On Friday, for one final time, a small group of fans of the long-departed doo-wop star gathered at his gravestone in the backyard of Elmwood Park resident Pam Nardella before the stone was finally removed.
“I think it’s a little sad. But we’ll put something else. I might put a bulldog statue there,” says Nardella.
The stone was loaded up and shipped to Michigan where it will go to the Michigan Rock ‘n’ Roll Legends Hall of Fame Museum.
“When you think about music in Michigan, probably the name that comes up most often is Motown,” says museum founder Gary Johnson.
Removing the headstone put an end to the monument’s eight-year stint among Nardella’s nativity set and springtime irises. Before the stone ended up in her backyard, it sat for years in the window of the Clifton Music Record Shop, which closed in 2012.

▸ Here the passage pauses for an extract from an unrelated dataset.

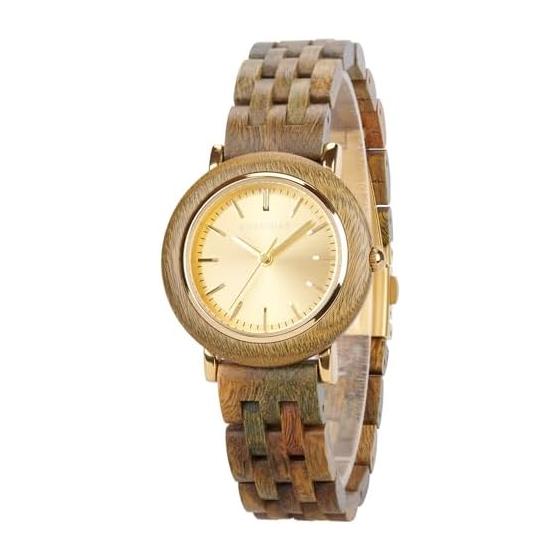 BOBO BIRD Wooden Women s Watch, 28mm Diameter, Natural Wooden Band, Analog Display, Quartz Movement, Brown/Gold (Verawood)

Why the stone was never at Lymon’s grave is a long story.
For about 20 years after his tragic death at age 25 in 1968, Lymon’s grave in St. Raymond’s Cemetery in the Bronx was unmarked. A group of fans, headed by the late Ronnie Italiano – owner of the Clifton Music Record Shop – held benefits to buy a headstone.
But amid a court battle over his estate between Lymon’s three wives, one of those wives hurriedly put her own headstone on the grave. It was a move that the fans believed was one just for the money.
They said that their headstone was forged out of love. Nardella and other fans have always considered it to be the real one.
And now the father-son team of Scott and Michael Rullis from Monroe Monuments will take it away and bring it to the museum that fans say is where it belongs.